リクルートのAirレジがなぜ無料で提供されているのか知っているだろうか。

これは単なるビジネスの一環ではなく、巧妙な事業戦略が背景にある。リクルートの成功事例は、ビジネスの戦略を知るうえで大いに参考になるだろう。

本コラムでは、その拡大戦略の全容について深掘っていく。

SaaS事業の拡大背景

リクルートは、求人広告やゼクシィなどで広く知られる企業である。

圧倒的な営業力で顧客を開拓し、集客した個人ユーザーと結び付けプラットフォームとしての価値を最大化させる「リボンモデル」が有名だ。

しかし、近年はSaaS事業においても非常に大きな成功を収めている。2010年代から始まったリクルートのSaaS事業は、今や360万以上のアカウントを保有する巨大なビジネスへと成長している。

その中でも特に注目すべきは、AirレジというPOSレジの無料提供を通じて市場を拡大した点である。

Airレジは、従来の数十万円もする高額なレジシステムとは異なり、2万円のタブレットとアプリだけで運用が可能である。この手軽さとコストメリットにより、リクルートは事業開始初年度にして10万アカウントを獲得することに成功している。

この成功は、リクルートの強力な営業力と、顧客ニーズを的確に捉えた製品開発の成果であると言える。

AirレジのLand-and-Expand戦略

Airレジの無料提供は、リクルートの巧妙なLand-and-Expand戦略の一環である。

この戦略はネットワーク効果が効きやすいプロダクト(コミュニケーションツールなど)に採用される。

戦略の基本は、まず無料で広範な顧客基盤を築き、その後に関連する有料サービスや周辺機器を提案していくことである。追加提案するサービスとしては、決済システムのAirPayや、予約管理システム、さらにはクーポンサービスなどがその一例である。

リクルートは、Airレジを起点として、顧客の様々なニーズに対応するサービスを提供している。

例えば、Airレジを導入した飲食店は、レジ機能の効率化に加えて、ホットペッパーグルメを使った集客施策や、資金調達サービスのAirCASHを利用することができる。
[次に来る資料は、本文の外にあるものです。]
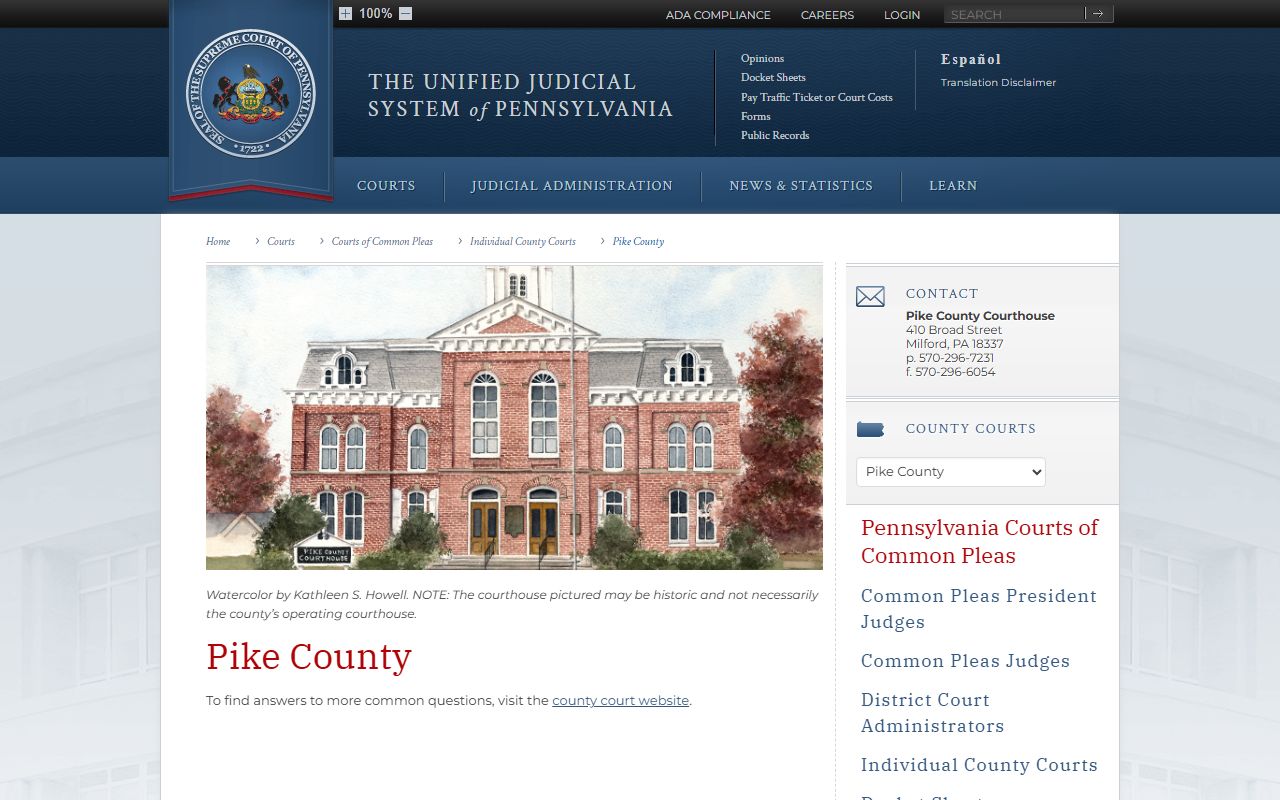 Pike County dissolution of marriage court records Milford PA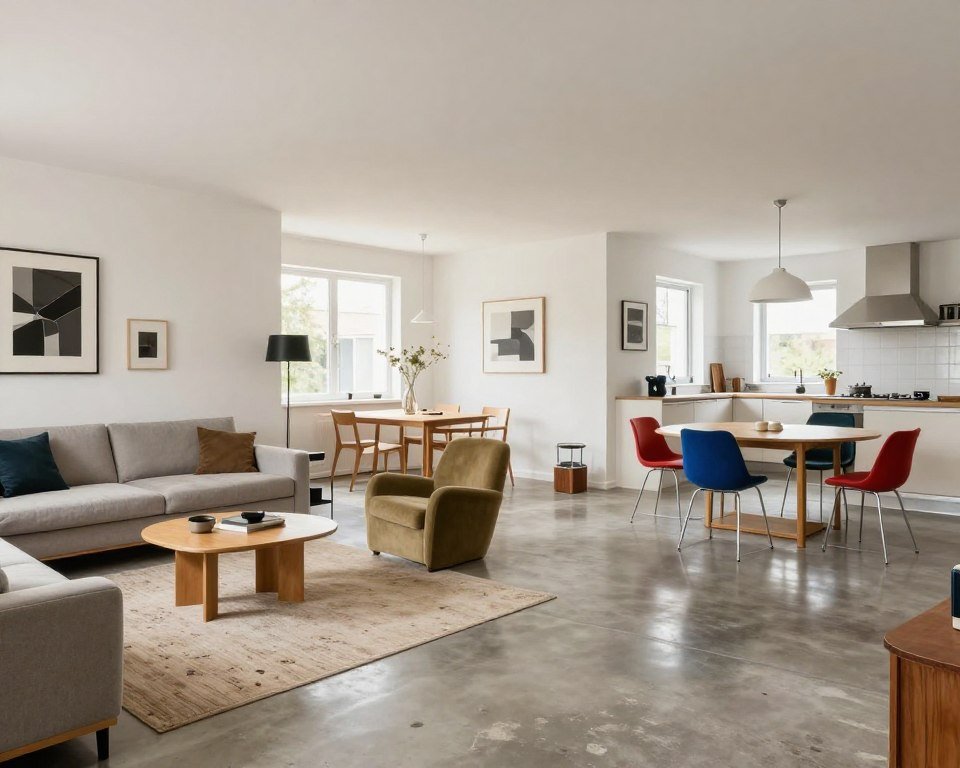 A modern Bauhaus living room featuring clean lines and an open layout. The foreground includes a sleek, low-profile sofa with geometric cushions and a minimalist coffee table made of wood and metal. In the middle, a stylish rug complements the light-colored hardwood floor. A large window lets in natural light, illuminating a curated selection of plants and sculptural decor that reflects Danish and Scandinavian design aesthetics. The background showcases a neutral wall adorned with abstract art, further emphasizing the room's minimalist style. Use soft, diffused lighting to create a warm and inviting atmosphere, captured from a slightly elevated angle to provide depth and perspective. Overall, the image should exude a sense of comfort, functionality, and elegance characteristic of modern Bauhaus design. A modern Bauhaus living room featuring clean lines and an open layout.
このように、無料のAirレジを導入することで、顧客はリクルートの他のサービスにも自然と引き込まれる形となる。

この戦略により、リクルートは顧客のLTV(ライフタイムバリュー)を大幅に引き上げることができている。

初期の無料提供で顧客を引き付け、その後に付加価値の高いサービスを提供することで、長期的な関係を実現しているのである。

ソリューションビジネスへの転換

圧倒的な顧客基盤を強みに持つリクルートがなぜソリューションビジネスへ舵を切ったのか、その理由は顧客数の頭打ちという課題に直面したからである。

実は、旅行・飲食・不動産など多くの領域でメディアを展開しているものの、2010年代からは顧客数の頭打ちを迎えていた。

既に関係性のある顧客は資金繰りに余裕のある事業者が多く、市場の大半は接点を持っていなかった。

この点が企業成長の足枷となっており、Airシリーズはそれを打ち破る一手である。

施策は実際に大成功を収め、Airシリーズの導入企業数はリクルートの旧7事業社全体(キャリア、ライフスタイルなど)の顧客数を上回る規模まで増加し、さらに強固な顧客基盤の獲得に繋げている。

リクルートは大学新聞の求人広告から事業をスタートさせ、マッチングビジネスで大きな成功を収めた。

その後も、Indeedの買収をはじめとしたHRテクノロジー事業の拡大や今回のようなビジネスモデルの転換など、時代と共に変化を遂げてきた企業である。

彼らがさらなる革新と成長を遂げるための次なる一手はどのようなものとなるのか。今後の戦略が非常に楽しみである。